Task requirements:
I need an exact copy of the lines from the one containing "47 Brand New" through the end of the records, without any pictures.
*** Block opens ***
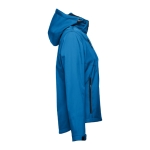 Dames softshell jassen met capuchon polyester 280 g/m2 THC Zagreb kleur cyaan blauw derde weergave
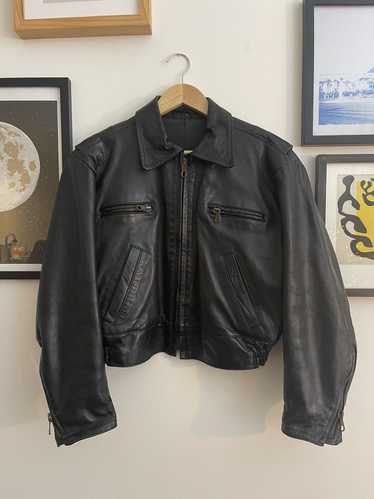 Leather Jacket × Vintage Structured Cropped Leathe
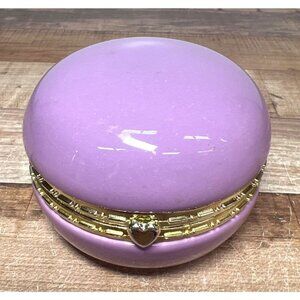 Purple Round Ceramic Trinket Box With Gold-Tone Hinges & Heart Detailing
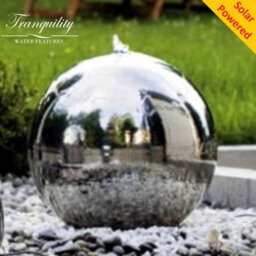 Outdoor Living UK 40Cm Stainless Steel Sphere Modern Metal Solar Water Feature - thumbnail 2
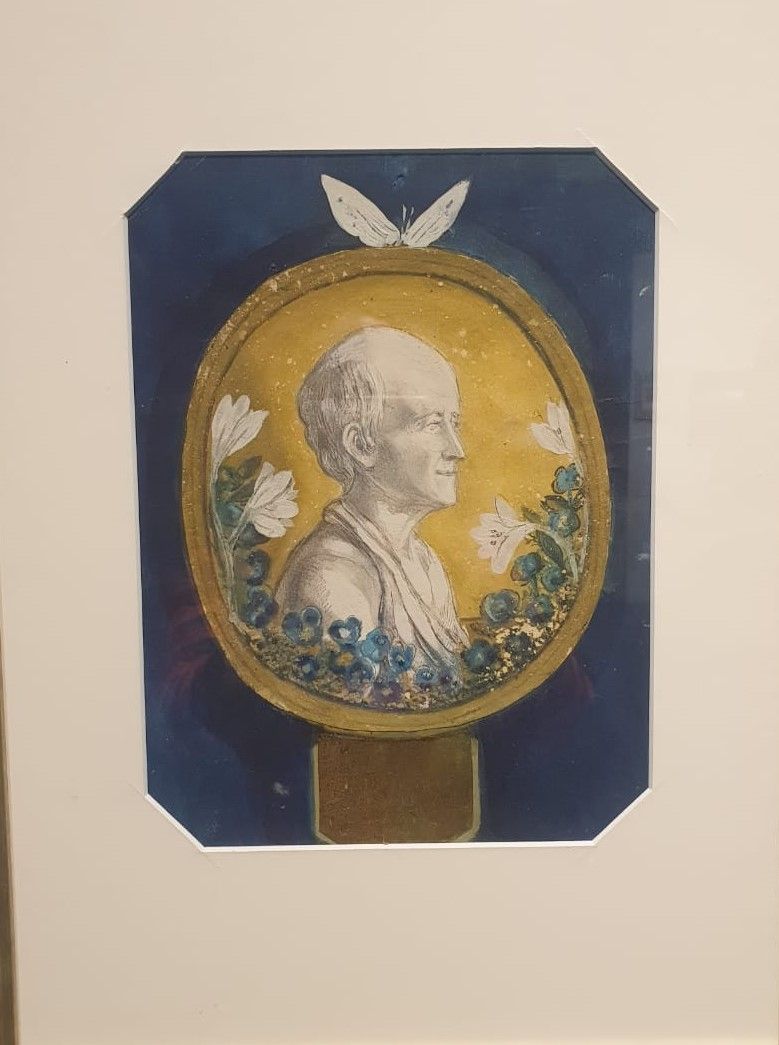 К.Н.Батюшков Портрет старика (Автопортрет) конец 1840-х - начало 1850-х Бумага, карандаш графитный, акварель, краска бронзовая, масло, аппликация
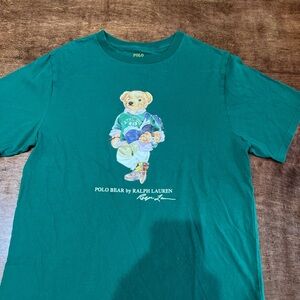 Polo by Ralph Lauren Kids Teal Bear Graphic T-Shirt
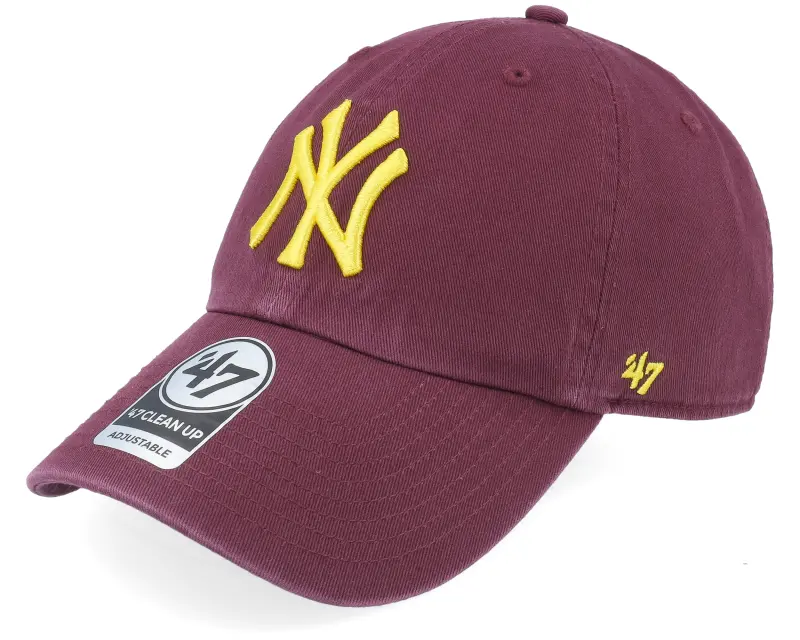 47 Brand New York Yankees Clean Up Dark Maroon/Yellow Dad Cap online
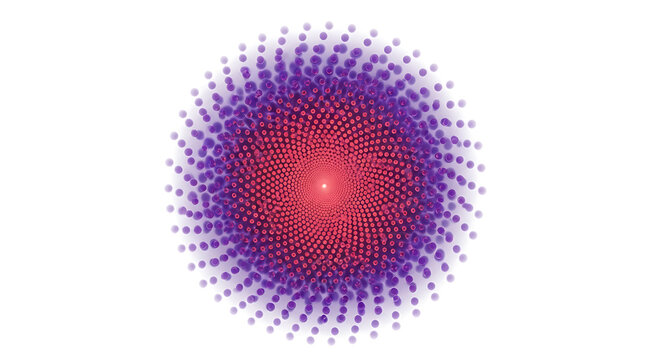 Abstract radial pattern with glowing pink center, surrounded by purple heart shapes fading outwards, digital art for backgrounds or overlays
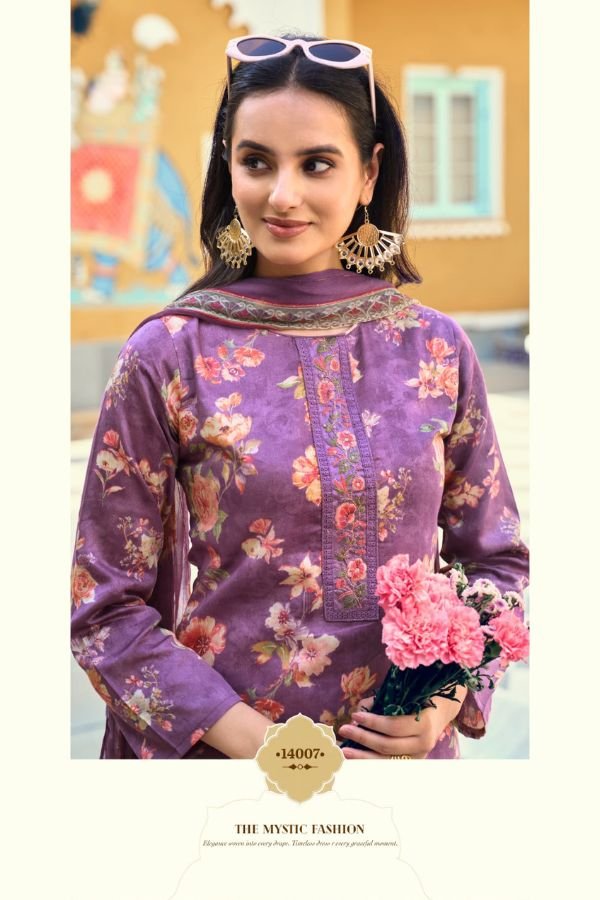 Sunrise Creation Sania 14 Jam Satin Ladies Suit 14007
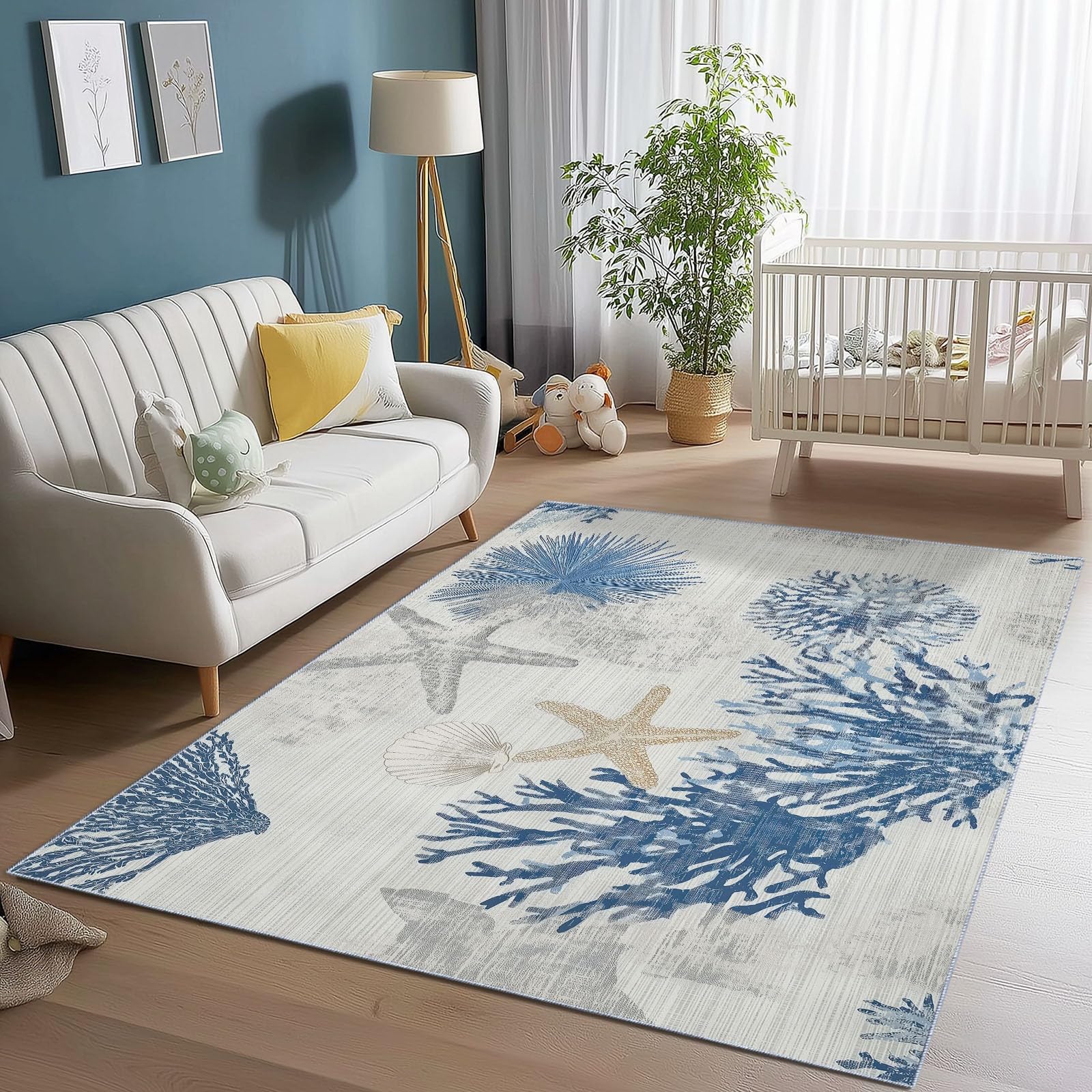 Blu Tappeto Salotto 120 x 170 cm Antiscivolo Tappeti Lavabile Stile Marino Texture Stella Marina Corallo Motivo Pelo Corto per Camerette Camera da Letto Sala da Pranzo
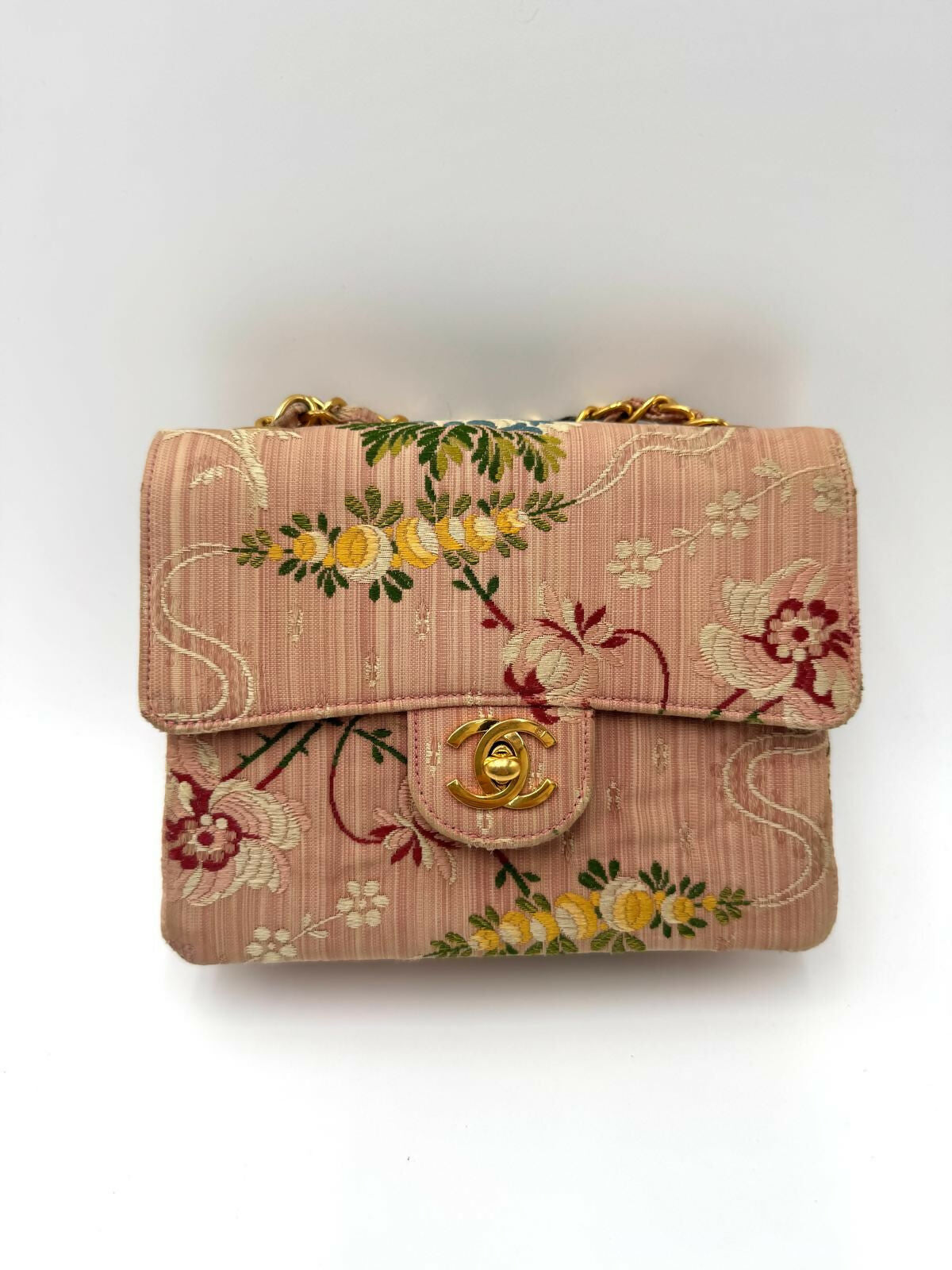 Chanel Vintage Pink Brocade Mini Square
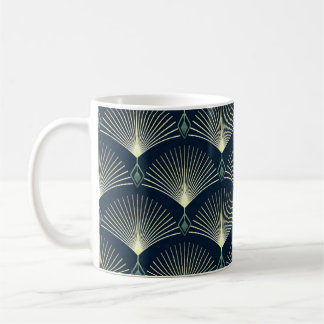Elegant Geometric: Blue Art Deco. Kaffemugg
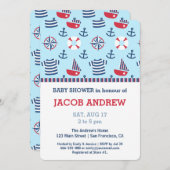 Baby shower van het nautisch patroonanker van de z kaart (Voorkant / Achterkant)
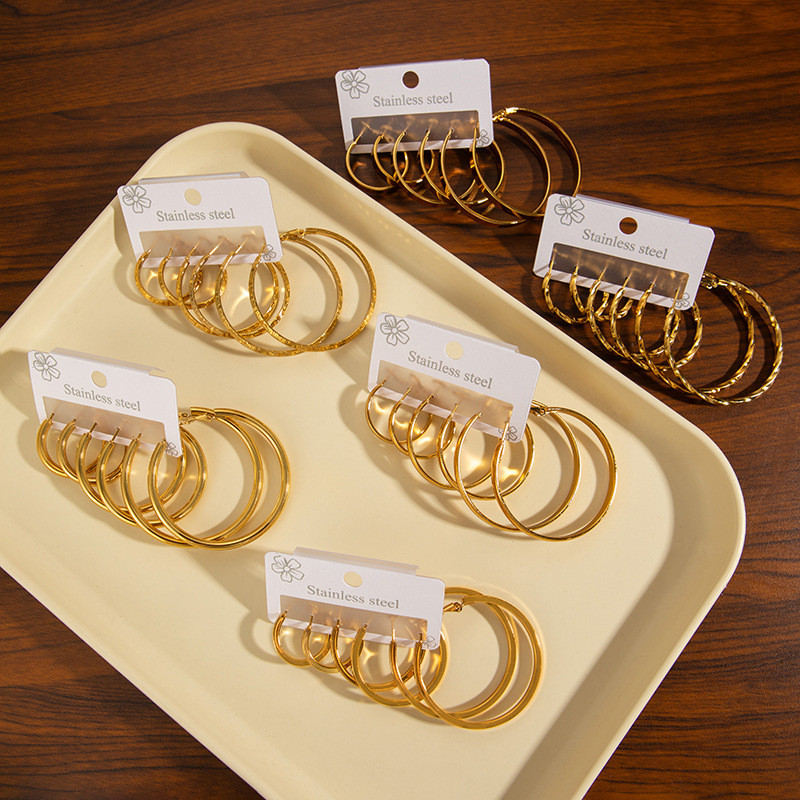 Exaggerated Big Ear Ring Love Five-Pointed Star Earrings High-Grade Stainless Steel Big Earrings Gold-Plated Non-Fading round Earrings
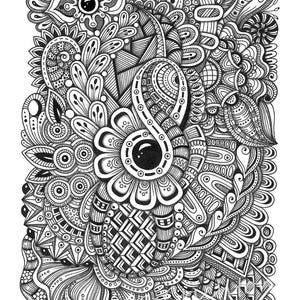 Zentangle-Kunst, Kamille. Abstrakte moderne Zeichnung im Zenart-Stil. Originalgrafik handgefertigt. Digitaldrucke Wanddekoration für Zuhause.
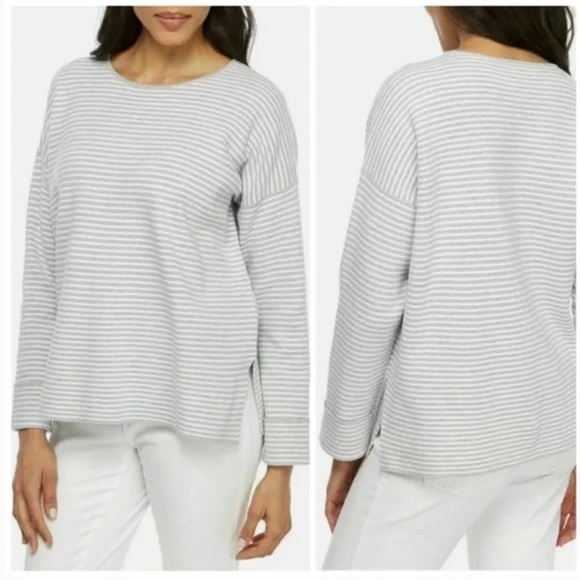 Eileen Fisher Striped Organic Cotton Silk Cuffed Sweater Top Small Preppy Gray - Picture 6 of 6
*** Block closes ***
Solved exercise:
 47 Brand New York Yankees Clean Up Dark Maroon/Yellow Dad Cap online
 Abstract radial pattern with glowing pink center, surrounded by purple heart shapes fading outwards, digital art for backgrounds or overlays
 Sunrise Creation Sania 14 Jam Satin Ladies Suit 14007
 Blu Tappeto Salotto 120 x 170 cm Antiscivolo Tappeti Lavabile Stile Marino Texture Stella Marina Corallo Motivo Pelo Corto per Camerette Camera da Letto Sala da Pranzo
 Chanel Vintage Pink Brocade Mini Square
Elegant Geometric: Blue Art Deco. Kaffemugg
 Baby shower van het nautisch patroonanker van de z kaart (Voorkant / Achterkant)
 Exaggerated Big Ear Ring Love Five-Pointed Star Earrings High-Grade Stainless Steel Big Earrings Gold-Plated Non-Fading round Earrings
 Zentangle-Kunst, Kamille. Abstrakte moderne Zeichnung im Zenart-Stil. Originalgrafik handgefertigt. Digitaldrucke Wanddekoration für Zuhause.
 Eileen Fisher Striped Organic Cotton Silk Cuffed Sweater Top Small Preppy Gray - Picture 6 of 6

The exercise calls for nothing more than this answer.